*Input data*:
============

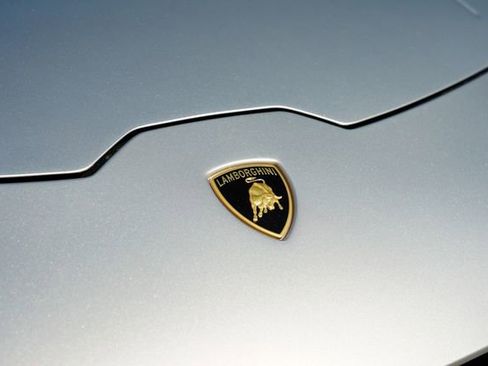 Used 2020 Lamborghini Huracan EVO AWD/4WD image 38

============

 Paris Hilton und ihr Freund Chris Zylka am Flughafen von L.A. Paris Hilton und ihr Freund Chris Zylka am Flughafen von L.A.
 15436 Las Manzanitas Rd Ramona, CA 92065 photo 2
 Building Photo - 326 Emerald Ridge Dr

============

*Exercise brief*:
Every line from the line containing "15436 Las Manzanitas" through the line containing "Building Photo - 326 Emerald Ridge Dr" in the records above must be retyped exactly. Leave out the rest.

*Reply to the exercise*:
 15436 Las Manzanitas Rd Ramona, CA 92065 photo 2
 Building Photo - 326 Emerald Ridge Dr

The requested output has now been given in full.